Dataset excerpt section start

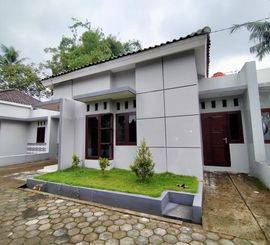 Jual Rumah Siap huni 300 Jutaan di Boyolali
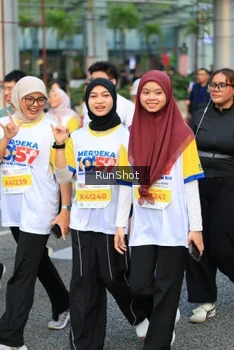 Runner Photo 4866557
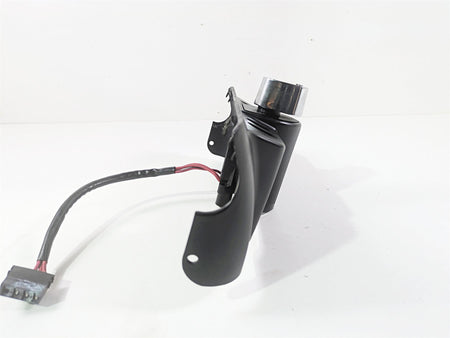 1999 Harley Touring FLHTCUI E-Glide Ignition Switch & Knob VIN 71526-93B {{ shop.shopifyCountryName }} - Mototech271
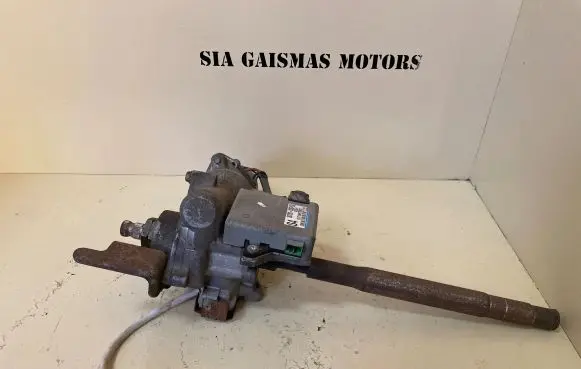Opel Agila A Power steering control unit/module 48200-83E64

Dataset excerpt section end

**Required action:** Return each of the lines exactly as they appear above, with no images.

**Exercise output:**
 Jual Rumah Siap huni 300 Jutaan di Boyolali
 Runner Photo 4866557
 1999 Harley Touring FLHTCUI E-Glide Ignition Switch & Knob VIN 71526-93B {{ shop.shopifyCountryName }} - Mototech271
Opel Agila A Power steering control unit/module 48200-83E64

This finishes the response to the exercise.